SUPPLIED RECORDS:
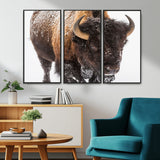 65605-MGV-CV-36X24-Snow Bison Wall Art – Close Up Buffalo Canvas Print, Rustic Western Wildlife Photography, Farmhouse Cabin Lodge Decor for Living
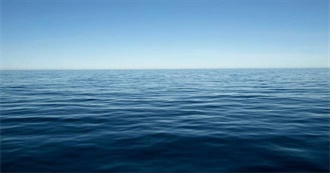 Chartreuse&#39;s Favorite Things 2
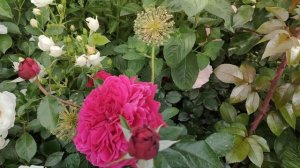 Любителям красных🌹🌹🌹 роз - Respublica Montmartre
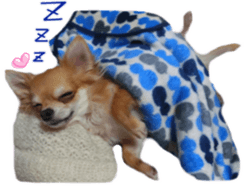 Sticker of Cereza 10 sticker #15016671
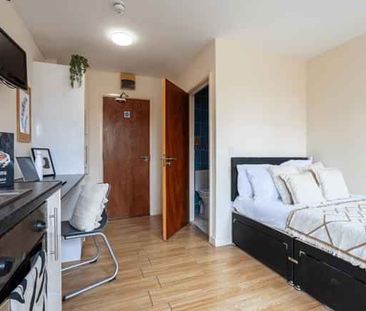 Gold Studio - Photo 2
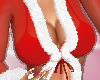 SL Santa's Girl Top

* * *

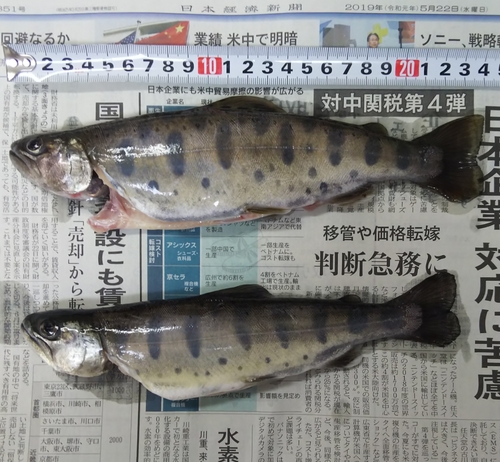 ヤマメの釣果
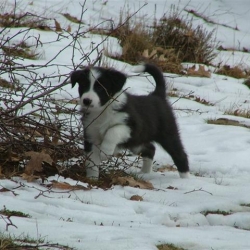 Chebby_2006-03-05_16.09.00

TASK INSTRUCTIONS: Reproduce the data above exactly, but only from the line containing "Chartreuse&#39;s Favorite Things 2" through the line containing "SL Santa's Girl Top"; skip the pictures.

SOLUTION BELOW:
 Chartreuse&#39;s Favorite Things 2
 Любителям красных🌹🌹🌹 роз - Respublica Montmartre
 Sticker of Cereza 10 sticker #15016671
 Gold Studio - Photo 2
 SL Santa's Girl Top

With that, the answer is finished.